Menolak Lupa Tragedi Biak Berdarah, Luka
Mendalam yang Dilakukan oleh OPM
Papeda.com- Dua
dekade lebih telah berlalu, namun tragedi "Biak Berdarah" tetap
meninggalkan luka yang belum sembuh bagi masyarakat Papua, khususnya warga
Kabupaten Biak Numfor. Peristiwa kelam yang kuat dilakukan oleh kelompok
separatis Organisasi Papua Merdeka (OPM) tersebut menjadi catatan sejarah yang
tak boleh dilupakan, terutama karena menyasar masyarakat sipil secara brutal
dan membabi buta.
Tragedi
ini bermula dari aksi sepihak OPM yang memprovokasi masyarakat melalui
propaganda pemisahan diri dari Negara Kesatuan Republik Indonesia (NKRI),
kemudian berujung pada kekacauan dan kekerasan yang melibatkan penyerangan
terhadap warga sipil, pembakaran fasilitas umum, hingga penyanderaan dan
intimidasi. Dalam rentetan aksi kekerasan yang berlangsung kala itu, puluhan
warga sipil menjadi korban jiwa maupun luka-luka, serta trauma mendalam yang
masih membekas hingga kini.
Tokoh
adat Biak, Markus Mandowen, mengingatkan bahwa tragedi tersebut harus dijadikan
pelajaran bagi generasi muda agar tidak mudah terprovokasi dengan narasi dan
janji-janji kosong dari kelompok separatis. “Kami menolak lupa. Biak Berdarah
bukan hanya soal sejarah, tapi soal kejahatan terhadap rakyat Papua sendiri.

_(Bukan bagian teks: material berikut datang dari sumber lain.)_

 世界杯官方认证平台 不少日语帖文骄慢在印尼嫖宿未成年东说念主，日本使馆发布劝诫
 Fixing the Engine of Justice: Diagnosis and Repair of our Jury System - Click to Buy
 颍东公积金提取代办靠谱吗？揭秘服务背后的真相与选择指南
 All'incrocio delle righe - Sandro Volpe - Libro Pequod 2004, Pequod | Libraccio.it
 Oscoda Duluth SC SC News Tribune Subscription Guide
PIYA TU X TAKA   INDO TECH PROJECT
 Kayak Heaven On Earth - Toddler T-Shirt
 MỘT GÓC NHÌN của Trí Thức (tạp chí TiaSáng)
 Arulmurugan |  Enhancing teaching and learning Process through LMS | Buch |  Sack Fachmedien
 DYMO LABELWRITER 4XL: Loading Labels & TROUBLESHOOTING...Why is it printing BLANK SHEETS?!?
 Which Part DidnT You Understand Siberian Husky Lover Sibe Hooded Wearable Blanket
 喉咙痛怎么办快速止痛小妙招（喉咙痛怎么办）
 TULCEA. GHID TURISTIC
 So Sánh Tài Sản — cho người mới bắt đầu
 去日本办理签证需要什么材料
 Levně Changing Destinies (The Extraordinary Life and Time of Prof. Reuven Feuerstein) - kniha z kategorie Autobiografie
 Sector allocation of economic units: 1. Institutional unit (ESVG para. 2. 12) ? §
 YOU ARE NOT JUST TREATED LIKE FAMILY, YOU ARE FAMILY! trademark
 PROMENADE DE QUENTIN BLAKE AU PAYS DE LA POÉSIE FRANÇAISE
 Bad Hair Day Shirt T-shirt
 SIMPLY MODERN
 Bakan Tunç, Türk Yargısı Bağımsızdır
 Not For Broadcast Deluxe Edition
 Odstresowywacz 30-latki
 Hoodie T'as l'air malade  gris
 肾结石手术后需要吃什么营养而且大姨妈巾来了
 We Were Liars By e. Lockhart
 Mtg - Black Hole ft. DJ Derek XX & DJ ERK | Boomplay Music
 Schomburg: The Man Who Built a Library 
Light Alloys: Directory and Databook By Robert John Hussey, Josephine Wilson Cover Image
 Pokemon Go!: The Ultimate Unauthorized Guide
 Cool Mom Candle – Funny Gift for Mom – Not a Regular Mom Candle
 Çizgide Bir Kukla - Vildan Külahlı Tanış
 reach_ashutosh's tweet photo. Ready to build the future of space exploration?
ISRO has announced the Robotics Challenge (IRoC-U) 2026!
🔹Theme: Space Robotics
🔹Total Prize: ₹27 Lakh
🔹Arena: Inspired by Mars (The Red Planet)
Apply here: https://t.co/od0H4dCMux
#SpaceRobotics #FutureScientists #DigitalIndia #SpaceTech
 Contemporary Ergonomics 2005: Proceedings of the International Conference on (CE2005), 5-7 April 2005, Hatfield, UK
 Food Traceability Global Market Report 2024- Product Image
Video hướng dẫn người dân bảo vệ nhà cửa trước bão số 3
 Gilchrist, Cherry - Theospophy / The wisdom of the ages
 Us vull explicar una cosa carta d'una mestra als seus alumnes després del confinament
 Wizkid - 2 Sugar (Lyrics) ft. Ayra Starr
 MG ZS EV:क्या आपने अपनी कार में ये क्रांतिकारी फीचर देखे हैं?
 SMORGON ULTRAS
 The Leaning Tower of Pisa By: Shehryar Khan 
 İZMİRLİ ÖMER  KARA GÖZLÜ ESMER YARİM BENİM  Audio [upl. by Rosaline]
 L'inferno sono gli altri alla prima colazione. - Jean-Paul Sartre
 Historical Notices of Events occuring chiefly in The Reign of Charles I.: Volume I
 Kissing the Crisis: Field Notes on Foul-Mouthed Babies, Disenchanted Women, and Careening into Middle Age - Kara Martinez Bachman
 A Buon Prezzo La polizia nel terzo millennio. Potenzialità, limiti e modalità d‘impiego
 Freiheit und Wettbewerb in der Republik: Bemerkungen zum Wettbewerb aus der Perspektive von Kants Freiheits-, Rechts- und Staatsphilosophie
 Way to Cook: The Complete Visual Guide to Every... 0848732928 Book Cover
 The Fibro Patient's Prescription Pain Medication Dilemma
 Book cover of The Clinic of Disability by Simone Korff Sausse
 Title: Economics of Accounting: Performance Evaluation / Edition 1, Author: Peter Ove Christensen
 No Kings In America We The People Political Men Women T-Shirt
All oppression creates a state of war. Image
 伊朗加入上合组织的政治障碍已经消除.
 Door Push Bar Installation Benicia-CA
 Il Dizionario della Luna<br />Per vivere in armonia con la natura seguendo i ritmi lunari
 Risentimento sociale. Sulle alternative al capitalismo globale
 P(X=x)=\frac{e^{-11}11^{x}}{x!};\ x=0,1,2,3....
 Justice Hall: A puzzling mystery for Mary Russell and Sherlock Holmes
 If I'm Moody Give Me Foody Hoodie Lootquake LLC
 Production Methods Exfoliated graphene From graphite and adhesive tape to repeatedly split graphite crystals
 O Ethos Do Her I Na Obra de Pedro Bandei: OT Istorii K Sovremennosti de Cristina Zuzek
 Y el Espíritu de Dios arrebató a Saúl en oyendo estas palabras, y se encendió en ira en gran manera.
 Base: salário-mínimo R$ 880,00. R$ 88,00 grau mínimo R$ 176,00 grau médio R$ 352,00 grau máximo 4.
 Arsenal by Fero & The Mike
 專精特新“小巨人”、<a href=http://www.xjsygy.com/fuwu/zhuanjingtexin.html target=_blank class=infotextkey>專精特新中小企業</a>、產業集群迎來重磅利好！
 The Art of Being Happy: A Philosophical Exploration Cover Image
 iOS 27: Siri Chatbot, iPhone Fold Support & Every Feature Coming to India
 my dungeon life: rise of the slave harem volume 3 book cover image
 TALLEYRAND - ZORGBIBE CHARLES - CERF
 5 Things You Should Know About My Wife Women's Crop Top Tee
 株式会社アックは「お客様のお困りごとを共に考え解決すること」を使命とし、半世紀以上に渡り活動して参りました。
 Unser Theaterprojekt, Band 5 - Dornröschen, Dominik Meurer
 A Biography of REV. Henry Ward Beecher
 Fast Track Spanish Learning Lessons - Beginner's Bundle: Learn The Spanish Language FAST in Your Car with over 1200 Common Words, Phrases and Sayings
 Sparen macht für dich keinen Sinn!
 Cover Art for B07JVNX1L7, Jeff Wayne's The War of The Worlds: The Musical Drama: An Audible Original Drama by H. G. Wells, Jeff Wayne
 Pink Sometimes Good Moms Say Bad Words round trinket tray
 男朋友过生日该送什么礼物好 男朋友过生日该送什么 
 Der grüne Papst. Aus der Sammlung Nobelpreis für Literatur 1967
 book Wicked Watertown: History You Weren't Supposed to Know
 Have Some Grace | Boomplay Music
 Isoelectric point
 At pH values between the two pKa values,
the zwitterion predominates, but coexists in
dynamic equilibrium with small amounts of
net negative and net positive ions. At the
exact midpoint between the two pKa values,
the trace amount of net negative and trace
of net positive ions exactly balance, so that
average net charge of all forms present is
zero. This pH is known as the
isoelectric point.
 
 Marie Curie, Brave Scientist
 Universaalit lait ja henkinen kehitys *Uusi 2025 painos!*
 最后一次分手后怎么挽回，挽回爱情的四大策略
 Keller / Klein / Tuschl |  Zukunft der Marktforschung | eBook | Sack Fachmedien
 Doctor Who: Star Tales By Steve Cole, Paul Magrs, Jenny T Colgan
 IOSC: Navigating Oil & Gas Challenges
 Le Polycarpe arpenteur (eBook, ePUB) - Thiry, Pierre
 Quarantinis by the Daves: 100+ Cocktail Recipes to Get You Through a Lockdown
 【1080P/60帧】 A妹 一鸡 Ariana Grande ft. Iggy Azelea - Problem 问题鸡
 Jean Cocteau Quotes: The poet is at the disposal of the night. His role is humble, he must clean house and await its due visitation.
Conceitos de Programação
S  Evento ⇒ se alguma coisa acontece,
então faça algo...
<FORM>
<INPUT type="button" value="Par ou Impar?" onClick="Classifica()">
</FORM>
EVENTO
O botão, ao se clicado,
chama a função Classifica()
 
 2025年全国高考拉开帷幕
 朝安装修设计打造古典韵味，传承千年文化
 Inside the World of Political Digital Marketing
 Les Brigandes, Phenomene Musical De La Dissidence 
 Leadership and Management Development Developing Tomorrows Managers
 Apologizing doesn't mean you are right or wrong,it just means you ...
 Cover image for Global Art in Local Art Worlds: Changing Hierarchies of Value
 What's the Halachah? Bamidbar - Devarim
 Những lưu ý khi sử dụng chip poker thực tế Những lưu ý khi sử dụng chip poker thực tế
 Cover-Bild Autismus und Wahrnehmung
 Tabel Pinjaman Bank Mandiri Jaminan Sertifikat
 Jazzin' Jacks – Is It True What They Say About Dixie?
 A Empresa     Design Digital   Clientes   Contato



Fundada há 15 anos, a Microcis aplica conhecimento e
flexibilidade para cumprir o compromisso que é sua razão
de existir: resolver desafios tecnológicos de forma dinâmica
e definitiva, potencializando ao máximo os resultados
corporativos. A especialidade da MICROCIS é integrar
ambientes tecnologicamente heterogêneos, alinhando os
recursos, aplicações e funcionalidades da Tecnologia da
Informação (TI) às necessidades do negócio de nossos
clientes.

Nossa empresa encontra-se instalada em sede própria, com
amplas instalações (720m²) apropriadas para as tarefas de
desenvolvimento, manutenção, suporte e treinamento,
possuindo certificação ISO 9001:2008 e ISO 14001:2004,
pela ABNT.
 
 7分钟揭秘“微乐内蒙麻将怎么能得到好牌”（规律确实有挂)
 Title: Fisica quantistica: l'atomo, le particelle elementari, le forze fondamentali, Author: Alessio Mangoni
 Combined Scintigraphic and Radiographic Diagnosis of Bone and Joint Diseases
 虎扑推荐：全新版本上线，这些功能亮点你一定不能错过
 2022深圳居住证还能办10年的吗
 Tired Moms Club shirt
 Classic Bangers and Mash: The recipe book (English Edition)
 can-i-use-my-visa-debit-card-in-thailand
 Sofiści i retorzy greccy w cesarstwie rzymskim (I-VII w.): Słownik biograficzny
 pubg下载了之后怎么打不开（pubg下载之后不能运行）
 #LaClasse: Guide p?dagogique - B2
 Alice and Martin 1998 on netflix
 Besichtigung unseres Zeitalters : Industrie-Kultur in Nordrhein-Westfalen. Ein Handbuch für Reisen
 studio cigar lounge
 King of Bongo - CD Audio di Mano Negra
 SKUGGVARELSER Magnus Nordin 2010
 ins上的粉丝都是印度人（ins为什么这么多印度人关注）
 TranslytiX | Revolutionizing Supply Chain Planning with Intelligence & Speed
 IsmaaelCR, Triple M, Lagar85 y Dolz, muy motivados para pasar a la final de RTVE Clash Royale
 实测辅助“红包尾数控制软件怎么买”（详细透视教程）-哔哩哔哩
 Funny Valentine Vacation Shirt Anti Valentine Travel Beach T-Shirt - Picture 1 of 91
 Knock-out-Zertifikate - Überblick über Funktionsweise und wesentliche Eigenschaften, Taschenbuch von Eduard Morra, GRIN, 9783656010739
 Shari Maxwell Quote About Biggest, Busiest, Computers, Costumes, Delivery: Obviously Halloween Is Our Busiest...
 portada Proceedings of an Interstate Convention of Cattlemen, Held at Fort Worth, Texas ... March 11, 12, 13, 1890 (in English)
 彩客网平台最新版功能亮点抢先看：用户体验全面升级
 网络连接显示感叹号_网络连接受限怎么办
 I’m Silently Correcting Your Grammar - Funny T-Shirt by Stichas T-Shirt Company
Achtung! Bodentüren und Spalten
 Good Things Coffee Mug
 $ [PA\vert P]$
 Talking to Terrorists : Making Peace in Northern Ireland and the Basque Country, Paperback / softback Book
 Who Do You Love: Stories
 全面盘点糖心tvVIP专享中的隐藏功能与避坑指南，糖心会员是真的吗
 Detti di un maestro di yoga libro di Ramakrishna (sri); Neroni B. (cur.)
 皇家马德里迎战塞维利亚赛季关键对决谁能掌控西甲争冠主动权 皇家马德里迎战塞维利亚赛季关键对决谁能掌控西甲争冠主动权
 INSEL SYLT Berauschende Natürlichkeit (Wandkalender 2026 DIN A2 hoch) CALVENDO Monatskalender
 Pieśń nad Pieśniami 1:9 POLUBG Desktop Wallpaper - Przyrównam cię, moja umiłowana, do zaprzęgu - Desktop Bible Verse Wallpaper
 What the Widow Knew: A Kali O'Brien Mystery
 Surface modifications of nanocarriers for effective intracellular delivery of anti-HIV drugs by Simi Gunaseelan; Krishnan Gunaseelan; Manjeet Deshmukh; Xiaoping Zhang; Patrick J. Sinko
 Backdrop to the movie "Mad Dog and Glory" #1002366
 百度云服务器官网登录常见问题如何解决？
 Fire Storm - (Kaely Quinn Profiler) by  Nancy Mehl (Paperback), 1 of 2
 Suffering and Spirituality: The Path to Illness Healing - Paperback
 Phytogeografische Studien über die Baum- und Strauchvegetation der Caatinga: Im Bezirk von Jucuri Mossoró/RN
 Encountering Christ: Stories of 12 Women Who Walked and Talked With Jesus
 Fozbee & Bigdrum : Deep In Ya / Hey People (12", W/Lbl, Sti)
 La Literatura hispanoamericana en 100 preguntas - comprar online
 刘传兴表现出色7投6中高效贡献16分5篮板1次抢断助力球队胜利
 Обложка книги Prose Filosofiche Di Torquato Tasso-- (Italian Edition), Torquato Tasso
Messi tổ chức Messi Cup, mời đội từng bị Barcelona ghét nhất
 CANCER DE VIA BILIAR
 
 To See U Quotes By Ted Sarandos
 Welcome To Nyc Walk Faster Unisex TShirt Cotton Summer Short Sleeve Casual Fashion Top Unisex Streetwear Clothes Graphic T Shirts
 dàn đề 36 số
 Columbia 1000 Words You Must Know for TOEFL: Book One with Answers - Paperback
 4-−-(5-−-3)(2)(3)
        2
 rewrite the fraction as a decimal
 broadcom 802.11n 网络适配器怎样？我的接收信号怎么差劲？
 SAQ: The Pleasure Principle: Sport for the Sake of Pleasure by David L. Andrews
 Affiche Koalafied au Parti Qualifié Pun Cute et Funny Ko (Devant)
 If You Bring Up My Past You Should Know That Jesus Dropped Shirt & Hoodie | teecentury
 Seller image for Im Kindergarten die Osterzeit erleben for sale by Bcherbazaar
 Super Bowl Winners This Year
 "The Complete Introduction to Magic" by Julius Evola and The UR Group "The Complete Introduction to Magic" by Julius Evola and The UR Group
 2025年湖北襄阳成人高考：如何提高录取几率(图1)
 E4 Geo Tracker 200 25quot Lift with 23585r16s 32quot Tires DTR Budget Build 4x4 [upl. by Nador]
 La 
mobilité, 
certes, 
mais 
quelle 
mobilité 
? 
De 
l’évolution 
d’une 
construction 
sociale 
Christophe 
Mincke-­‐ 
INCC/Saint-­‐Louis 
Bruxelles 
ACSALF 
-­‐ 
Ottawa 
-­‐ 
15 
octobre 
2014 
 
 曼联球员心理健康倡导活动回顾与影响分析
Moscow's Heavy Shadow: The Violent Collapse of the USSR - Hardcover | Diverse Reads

OPM membawa penderitaan, bukan pembebasan,” tegasnya, Senin (7/7/2025).
Sejumlah
saksi mata mengisahkan bagaimana saat itu warga yang tidak bersalah dipaksa
mengikuti gerakan separatis, bahkan anak-anak dan perempuan tak luput dari
intimidasi. Mereka yang menolak terlibat atau mencoba melarikan diri menjadi
sasaran kekerasan. Selain itu, fasilitas umum seperti sekolah, kantor desa, dan
rumah ibadah turut dibakar oleh kelompok bersenjata demi menciptakan ketakutan
dan kekacauan.
Pendeta
gereja lokal di Biak Numfor, Yohanis Mambrasar, juga menyatakan keprihatinan
mendalam atas tragedi tersebut. Ia menyebut bahwa kekerasan yang dilakukan OPM
di masa lalu menunjukkan bahwa kelompok tersebut tidak memiliki rasa hormat
terhadap nilai-nilai kemanusiaan dan perdamaian. “Apa pun alasan politik
mereka, kekerasan terhadap masyarakat adalah perbuatan tercela. Biak Berdarah
adalah bukti bahwa mereka bukan pahlawan, tapi pelaku penindasan terhadap
rakyat sendiri,” ujarnya.
Hingga
kini, keluarga korban masih menyimpan duka dan harapan agar peristiwa kelam ini
tidak terulang kembali di tanah Papua. Mereka meminta agar generasi muda terus
menjaga semangat damai dan tidak mudah terhasut oleh propaganda separatis yang
membungkus kekerasan dengan dalih perjuangan.
Tokoh
perempuan Papua, Maria Faidiban, menyerukan agar pemerintah dan lembaga-lembaga
masyarakat sipil terus mengedukasi warga tentang pentingnya persatuan dan
bahaya laten separatisme. “Jangan biarkan anak-anak kita tumbuh dengan cerita
kekerasan. Kita harus wariskan perdamaian, bukan konflik,” ujarnya.
Tragedi
Biak Berdarah bukan sekadar catatan masa lalu, tetapi menjadi pengingat bahwa
kekerasan atas nama apa pun, termasuk separatisme, hanya akan menciptakan
kehancuran. Masyarakat Papua hari ini menginginkan masa depan yang damai, aman,
dan sejahtera, jauh dari bayang-bayang kekerasan yang pernah terjadi di Biak
dan wilayah lainnya.
Dengan
terus mengingat dan menolak lupa, masyarakat berharap tragedi seperti Biak
Berdarah tak lagi terjadi di Bumi Cenderawasih.